By age 12, Mark started to work in the family’s business, cleaning bathrooms, washing dishes, and busing tables. “I rotated through every position in the kitchen, working in every area in the back of the house before making it to the front,” says Mark, 53. “I was a cog in the wheel of the big picture.” Occasionally, he took Tuesdays off from school to help his father with deliveries. “In a family business, everyone pitches in and does what they can,” he says.

The start of something big

Mark attended the University of Illinois at Champaign-Urbana for two and a half years before his father asked him to come back to work. “The business was in a major growth phase and he needed help,” Mark says. “I always knew what I was going to do career-wise. I’ve never done anything but work in my family business. I was proud to follow in my father’s footsteps.”

Today A.C.E. has almost 2,000 employees on its staff. “There are employees who have been on board for 30 and 40 years,” Mark says. “Everyone in our company has grown as we’ve grown.
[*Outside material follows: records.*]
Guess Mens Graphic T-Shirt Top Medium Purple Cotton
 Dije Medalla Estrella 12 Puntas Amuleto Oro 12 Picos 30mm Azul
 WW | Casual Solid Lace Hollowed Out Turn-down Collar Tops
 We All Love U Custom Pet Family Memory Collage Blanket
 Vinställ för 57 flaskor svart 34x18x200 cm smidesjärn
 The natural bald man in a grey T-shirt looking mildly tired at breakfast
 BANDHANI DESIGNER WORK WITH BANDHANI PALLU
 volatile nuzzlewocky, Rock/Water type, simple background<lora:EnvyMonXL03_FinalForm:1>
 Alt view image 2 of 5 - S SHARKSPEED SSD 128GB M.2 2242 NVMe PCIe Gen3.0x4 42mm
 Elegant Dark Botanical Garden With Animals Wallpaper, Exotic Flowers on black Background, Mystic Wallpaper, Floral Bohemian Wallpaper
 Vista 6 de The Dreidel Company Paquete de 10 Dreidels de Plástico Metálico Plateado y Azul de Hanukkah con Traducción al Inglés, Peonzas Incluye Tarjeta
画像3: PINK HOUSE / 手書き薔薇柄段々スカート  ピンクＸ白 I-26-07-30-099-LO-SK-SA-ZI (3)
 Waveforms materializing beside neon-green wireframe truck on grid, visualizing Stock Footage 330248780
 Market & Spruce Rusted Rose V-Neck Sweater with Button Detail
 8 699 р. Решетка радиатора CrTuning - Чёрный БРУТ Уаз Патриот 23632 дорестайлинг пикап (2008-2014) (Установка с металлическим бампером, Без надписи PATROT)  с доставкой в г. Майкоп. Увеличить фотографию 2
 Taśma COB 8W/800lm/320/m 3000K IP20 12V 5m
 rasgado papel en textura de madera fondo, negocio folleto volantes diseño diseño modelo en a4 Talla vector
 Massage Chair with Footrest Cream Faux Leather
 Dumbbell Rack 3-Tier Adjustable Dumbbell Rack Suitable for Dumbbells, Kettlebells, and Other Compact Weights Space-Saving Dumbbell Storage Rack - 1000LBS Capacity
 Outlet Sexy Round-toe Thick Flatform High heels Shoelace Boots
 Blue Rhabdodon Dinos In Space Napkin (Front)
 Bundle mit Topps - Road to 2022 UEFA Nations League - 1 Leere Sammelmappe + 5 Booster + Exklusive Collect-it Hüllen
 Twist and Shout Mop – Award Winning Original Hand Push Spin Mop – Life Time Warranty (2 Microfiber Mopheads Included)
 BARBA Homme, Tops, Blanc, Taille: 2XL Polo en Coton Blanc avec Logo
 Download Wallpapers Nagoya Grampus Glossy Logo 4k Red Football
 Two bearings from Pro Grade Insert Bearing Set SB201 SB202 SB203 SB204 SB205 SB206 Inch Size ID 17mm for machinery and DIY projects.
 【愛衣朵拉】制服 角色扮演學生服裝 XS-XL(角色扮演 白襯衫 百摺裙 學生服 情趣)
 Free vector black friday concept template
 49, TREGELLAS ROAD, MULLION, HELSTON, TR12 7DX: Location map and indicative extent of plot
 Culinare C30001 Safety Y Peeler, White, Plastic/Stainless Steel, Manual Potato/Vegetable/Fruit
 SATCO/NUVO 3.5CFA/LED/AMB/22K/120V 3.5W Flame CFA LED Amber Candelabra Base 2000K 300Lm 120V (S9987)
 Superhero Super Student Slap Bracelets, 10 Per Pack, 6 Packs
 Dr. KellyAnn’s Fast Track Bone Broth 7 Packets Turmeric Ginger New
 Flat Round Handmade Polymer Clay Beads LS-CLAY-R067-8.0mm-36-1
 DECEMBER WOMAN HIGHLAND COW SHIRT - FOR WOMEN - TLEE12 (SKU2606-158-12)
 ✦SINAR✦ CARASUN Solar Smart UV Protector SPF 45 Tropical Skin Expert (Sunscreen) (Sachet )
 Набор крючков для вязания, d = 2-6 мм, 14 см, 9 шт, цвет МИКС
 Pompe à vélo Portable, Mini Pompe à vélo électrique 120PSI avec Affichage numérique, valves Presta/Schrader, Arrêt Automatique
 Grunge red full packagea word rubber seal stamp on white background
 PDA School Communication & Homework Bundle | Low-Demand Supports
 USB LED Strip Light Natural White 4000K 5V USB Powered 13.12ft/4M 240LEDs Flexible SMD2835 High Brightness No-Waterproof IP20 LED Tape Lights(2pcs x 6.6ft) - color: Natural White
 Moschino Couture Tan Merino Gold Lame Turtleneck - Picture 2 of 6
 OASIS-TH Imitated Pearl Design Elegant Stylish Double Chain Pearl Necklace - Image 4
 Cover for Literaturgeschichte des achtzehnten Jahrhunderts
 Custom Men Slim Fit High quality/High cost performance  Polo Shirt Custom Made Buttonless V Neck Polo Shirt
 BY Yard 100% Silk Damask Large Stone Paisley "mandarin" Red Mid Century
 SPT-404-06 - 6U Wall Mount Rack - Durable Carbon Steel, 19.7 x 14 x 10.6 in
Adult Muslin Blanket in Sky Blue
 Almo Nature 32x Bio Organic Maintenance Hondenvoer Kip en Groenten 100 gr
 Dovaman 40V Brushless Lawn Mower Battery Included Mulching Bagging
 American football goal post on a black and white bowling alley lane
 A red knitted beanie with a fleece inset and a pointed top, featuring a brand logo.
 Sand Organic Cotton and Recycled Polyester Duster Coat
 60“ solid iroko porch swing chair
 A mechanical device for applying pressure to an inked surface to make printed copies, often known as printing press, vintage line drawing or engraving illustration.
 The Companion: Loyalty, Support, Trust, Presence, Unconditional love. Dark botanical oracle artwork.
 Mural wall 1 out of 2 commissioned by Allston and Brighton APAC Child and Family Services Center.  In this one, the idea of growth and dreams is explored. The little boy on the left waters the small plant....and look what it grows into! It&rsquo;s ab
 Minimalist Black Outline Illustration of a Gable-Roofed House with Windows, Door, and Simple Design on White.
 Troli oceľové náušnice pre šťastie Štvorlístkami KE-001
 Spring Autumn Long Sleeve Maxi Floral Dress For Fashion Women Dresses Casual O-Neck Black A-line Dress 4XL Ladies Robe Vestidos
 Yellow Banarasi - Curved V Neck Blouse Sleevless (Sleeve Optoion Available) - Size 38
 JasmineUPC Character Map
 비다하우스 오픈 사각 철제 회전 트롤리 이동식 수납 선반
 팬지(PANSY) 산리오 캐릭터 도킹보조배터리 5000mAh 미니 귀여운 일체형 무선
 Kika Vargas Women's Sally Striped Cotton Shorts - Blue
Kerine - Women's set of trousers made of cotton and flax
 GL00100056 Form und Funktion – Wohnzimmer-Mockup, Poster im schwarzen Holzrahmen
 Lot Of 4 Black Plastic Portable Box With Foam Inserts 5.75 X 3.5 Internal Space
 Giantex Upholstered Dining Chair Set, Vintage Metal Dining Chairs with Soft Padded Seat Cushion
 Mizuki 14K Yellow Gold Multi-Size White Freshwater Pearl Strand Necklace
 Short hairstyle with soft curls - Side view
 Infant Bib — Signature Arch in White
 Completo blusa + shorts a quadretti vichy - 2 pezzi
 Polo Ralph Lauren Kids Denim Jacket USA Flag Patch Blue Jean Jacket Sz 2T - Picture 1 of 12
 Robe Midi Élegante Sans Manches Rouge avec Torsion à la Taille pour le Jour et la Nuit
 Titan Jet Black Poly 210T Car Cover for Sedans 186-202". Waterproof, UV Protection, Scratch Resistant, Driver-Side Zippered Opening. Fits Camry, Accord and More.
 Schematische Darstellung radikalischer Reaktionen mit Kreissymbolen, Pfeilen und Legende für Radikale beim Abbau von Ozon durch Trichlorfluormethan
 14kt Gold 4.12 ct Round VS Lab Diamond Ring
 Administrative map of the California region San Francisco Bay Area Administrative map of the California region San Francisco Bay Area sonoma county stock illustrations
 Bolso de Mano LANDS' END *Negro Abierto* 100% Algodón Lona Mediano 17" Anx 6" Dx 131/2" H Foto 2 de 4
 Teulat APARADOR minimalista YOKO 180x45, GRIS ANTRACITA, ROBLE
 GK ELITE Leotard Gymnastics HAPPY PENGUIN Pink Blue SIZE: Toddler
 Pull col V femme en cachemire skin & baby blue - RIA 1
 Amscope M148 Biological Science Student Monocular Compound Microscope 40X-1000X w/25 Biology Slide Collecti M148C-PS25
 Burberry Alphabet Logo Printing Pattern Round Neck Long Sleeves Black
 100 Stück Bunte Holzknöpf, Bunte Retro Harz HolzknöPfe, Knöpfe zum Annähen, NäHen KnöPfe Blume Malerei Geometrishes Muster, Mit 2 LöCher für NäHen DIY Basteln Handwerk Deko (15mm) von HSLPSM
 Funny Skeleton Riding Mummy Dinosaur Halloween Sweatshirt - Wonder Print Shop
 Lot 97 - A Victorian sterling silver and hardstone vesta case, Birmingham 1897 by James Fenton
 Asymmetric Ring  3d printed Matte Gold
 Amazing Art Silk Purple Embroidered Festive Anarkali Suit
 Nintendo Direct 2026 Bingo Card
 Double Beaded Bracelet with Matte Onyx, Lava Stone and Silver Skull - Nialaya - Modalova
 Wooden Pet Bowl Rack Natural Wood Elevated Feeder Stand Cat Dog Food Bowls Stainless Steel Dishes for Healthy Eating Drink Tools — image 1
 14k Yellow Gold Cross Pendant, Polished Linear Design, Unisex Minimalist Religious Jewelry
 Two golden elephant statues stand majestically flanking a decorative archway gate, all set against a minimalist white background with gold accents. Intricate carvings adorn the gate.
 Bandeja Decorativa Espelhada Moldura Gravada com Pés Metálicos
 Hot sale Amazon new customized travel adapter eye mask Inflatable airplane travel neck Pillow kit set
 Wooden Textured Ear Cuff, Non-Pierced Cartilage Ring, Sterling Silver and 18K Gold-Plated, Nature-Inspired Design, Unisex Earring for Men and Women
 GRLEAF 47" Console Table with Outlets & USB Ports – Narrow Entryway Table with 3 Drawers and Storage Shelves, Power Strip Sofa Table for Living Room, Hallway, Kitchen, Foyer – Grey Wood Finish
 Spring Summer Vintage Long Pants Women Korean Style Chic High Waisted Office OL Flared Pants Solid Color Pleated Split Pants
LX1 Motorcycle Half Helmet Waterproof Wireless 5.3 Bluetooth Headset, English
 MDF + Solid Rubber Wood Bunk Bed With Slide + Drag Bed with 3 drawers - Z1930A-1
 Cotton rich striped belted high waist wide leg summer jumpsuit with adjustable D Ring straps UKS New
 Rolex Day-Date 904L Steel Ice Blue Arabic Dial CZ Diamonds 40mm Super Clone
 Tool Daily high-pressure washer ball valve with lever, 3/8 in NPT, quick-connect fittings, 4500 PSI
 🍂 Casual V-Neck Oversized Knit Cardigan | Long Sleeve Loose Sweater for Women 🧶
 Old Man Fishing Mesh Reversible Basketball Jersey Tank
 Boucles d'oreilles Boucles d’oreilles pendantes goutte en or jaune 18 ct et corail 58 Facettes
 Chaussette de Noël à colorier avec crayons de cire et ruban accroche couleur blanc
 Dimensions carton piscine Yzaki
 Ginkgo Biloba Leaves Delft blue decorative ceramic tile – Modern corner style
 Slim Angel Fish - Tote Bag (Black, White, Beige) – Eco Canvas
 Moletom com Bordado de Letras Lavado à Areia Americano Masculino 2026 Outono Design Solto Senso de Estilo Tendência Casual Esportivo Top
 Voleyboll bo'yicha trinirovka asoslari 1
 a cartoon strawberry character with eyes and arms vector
We bring everyone up from within. My father always told me, ‘You have to give somebody the ability to grow. Otherwise they will outgrow our company’”.

Establishing roots in Barrington

Fred was the first in the family to move to Barrington Hills 18 years ago. He told his next-door neighbors, on either side of his house, that if they ever decide to move, he would purchase their homes. Eventually, he did, with the intent of giving his children the opportunity to buy the properties someday and raise their families close by. So far, his dream has come true. Mark and Jessica have lived next door to Fred for 14 years. The other house is being renovated in the hope that Fred’s other son Dean, a 21-year-old college student, will move in someday and raise a family there, too. “It’s a family compound,” Mark says. Their sister Amber also lives in the village, keeping the whole family close.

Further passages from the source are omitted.